O outro momento, numa viagem pelo Alentejo, passando junto a Monsaraz alguém me disse que havia ali uma oliveira com mais de 2000 anos. 2000 anos! Aquela informação na minha cabeça, foi como um estrondo! Eu, um apaixonado pela história de quase tudo, vi ali um milagre. Comecei a imaginar as épocas que passaram por ela, do Império Romano, aos Árabes à Reconquista Cristã. E não estava num sítio qualquer, mas ali, mesmo junto à fronteira com Espanha junto ao rio grande do sul, o Guadiana. Decerto assistiu a escaramuças, batalhas, exércitos em marcha. Nasceram e morreram impérios, países e ela sempre alí, crescendo, mais antiga que Cristo e César. Imaginei as gerações e gerações de pessoas que comeram as suas azeitonas, que se abrigaram na sua sombra, lugar de namoricos, ponto de encontro de contrabandistas que saltavam a fronteira. E a sorte, a sorte que teve, nunca ninguém a cortou, nunca adoeceu, nunca um raio a rachou nunca um incêndio a queimou nem nunca ninguém decidiu fazer uma casa no exacto sítio onde está… para mim tudo isto é extraordinário! E que histórias nos poderia contar…

Este sentimento foi crescendo ao longo dos anos. Admito que não sei o nome nem a história de todas elas e a verdade é que não é isso que me interessa. Gosto delas por gostar, porque inexplicavelmente me fascinam, e se durante muitos anos busquei a razão exacta por detrás deste sentimento, à algum tempo que abandonei esta busca. Não quero descobrir, não quero racionalizar este amor, prefiro seguir inconscientemente fascinado, e isso me basta.
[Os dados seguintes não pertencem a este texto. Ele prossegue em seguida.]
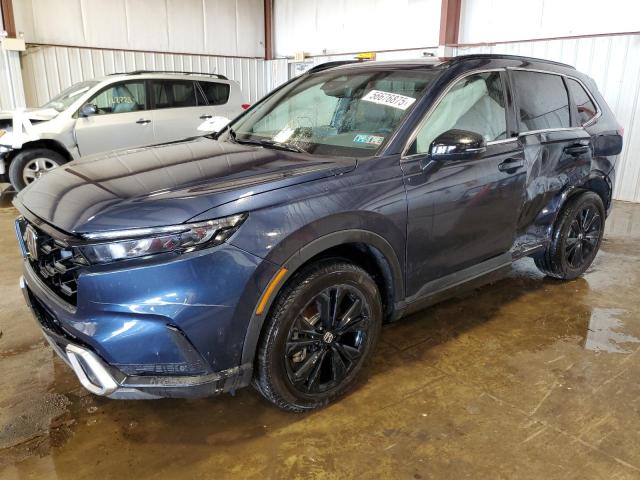 Vin: 7fars6h96se017045, lot: 56676875, honda crv sport touring 2025 img_1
Sempre que saio à rua, vou com a ideia de as ver, sempre predisposto a ser surpreendido. Por vezes, com um pouco de sorte, lá me invade o espanto. Aqui em Budapeste, não é tarefa difícil, existem árvores em todo o lado, nas ruas, nos pátios interiores dos prédios, existe uma figueira dentro de um bar, uma gigante árvore no meio de uma discoteca, e nos parques, que aqui são muitos, existem árvores de todos os tamanhos, feitios e cores. Para quem as vê, é de facto um regalo. Em Lisboa por exemplo, e tirando as árvores do Príncipe Real e do Jardim da Estrela, penso que não é tanto assim, ou pelo menos na altura em que aí vivi, eu não as via como vejo hoje. E por falar em Lisboa, há uns anos visitei a cidade, e em jeito de guia turístico fui mostrar a cidade à minha namorada húngara da altura. Chegando de frente às portas da Sé, ia mentalmente preparando a minha “aula de história” e o meu orgulho ao mostrar tal edifício… de súbito ela interrompeu-me com uma pergunta que eu não esperava: “Aquilo são laranjeiras?” De facto, na rua que desce do lado direito da Sé, estão, juntas às altas paredes, uma fila de laranjeiras. Eu nunca as tinha visto ali antes, mas ela, foi a única coisa que viu, e a enorme Sé ficou de súbito invisível. Em passo acelerado fomos directos a elas, e enquanto tirava mil e uma fotografias às ditas árvores, explicou-me que era a primeira vez que via uma laranjeira, é que na Hungria elas não crescem, simplesmente não se dão.  Estava maravilhada, fascinada, com brilho nos olhos. Eu, de sorriso na cara, deliciado com aquele momento, lembrei-me das antigas laranjeiras da minha infância, pensei no quanto elas se tinham tornado esquecidas ou indiferentes, e com uma certa mágoa de mim mesmo, por dar-me conta disso, decidi, que de aí em diante, iria olhar um pouco mais, com outros olhos, todas as árvores que se cruzam no meu caminho, é que sei que ainda tenho muito que aprender com elas e talvez um dia, por sorte ou destino, apanhe alguma a olhar-me de volta.